The same goes with the flag thing. We get a bit defensive when people tell us their views on something they don’t even know the proper name of, or history of, or relevance (or lack thereof) of.
ETA: Yes, I realize I used the generic term as Jim described in my very first post of this thread. My bad. But it annoys me when outsiders do it. I’m Southern, I’m entitled.
Yeah. I think “things that I wish were true” are funny.
Okay, a picture is worth a thousand words: File:Confederate Rebel Flag.svg - Wikipedia is the flag commonly refereed to as the Confederate Flag, please get off you [del]cross[/del] jack already.
This is the one that is sold as a “Confederate Flag”. This is the one the jokes are about. This is the one that some African American find as offensive as I find the Nazi Swastika. This is the one that the KKK seemed to like so much.
Did I manage in my ignorance to make my use of the phrase Confederate Flag understandable?
Jim
As someone who stepped out (and risked losing my Southern card) in favor of New Jersey, let me see if I can smooth the waters here.
It isn’t that we don’t know exactly what you’re talking about. It’s that we refer to it differently down here. When you ask us about the “Confederate Flag”, you’re using a term that we typically don’t. I’m not sure what I can equate it to, but try to imagine someone who flubs an unknown jargon just a little bit. It’s like referring to burgers on the grill as “barbeque” in Georgia, or referring to the American version as “football” in London.
Plus, there are some other reasons, some of which are explained above, why that one catch-all term is a tad inaccurate.
I think you’re just taking it a little harder than they intended. Not a huge deal, really.
Oh, and Go Dawgs.
LD, when your guesting period is up, I’d like to pay for your membership.

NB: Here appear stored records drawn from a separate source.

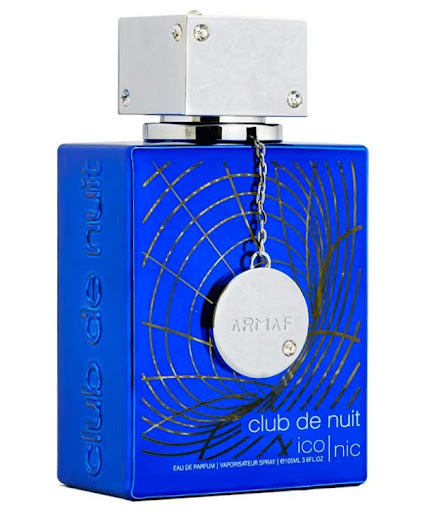 Perfume Armaf Club De Nuit Iconic 105ml edp Unisex Armaf EDP x 1 Comienza tu recorrido a través de un sendero forestal iluminado con luz dorada con este refrescante aroma cítrico y amaderado. El camino sinuoso comienza con una explosión de frescura cítrica y especi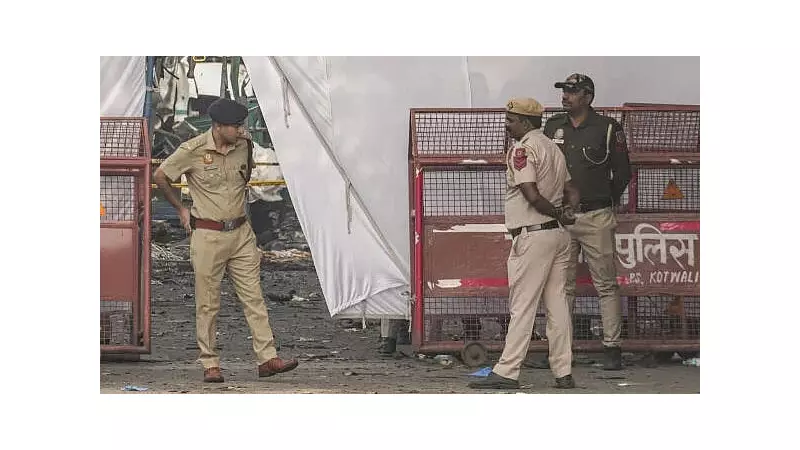 Delhi Blast Aftermath: Red Fort Area Sealed, Metro Services Halted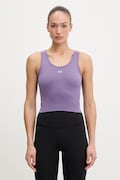 Under Armour top treningowy damski Vanish Seamless fioletowy 6000640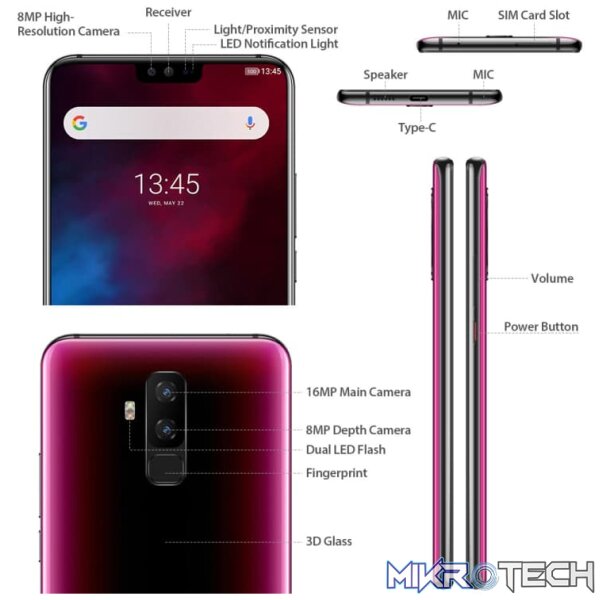 Ulefone T2 Smartphone - Image 11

Why? You don’t like uppity Southerners?
Let’s not romanticize the compact too much, shall we? It was not the product of idealism, but was simply a practical way to settle the squabbling among a starving and disorganized rabble stranded on an alien shore (and beyond the aid or governance of the Virginia colony).
As for the House of Burgesses, it was a representative assembly pre-dating the Compact. Voting was open to any landowning male over the age of 17. And I think you may not understand how the term “plantation” is used with respect to the House of Burgesses. They were essentially just voting districts encompassing the various settled areas (or “plantations”). The House first convened in 1919, a year before the Mayflower passengers straggled ashore.
And yet, the Virginia assembly got no play in secondary school texts.
Look at any secondary school history text prior to 1988 or so. Can’t speak to the ones after that.
Perhaps we’re talking past each other. I’m talking primarily about secondary school history texts. (Where most people get their knowledge of US history.) And yes, Cowpens and King’s Mountain were given little to no attention there. On the other hand, there was always an image of Washington crossing the Delaware, and a description of the action.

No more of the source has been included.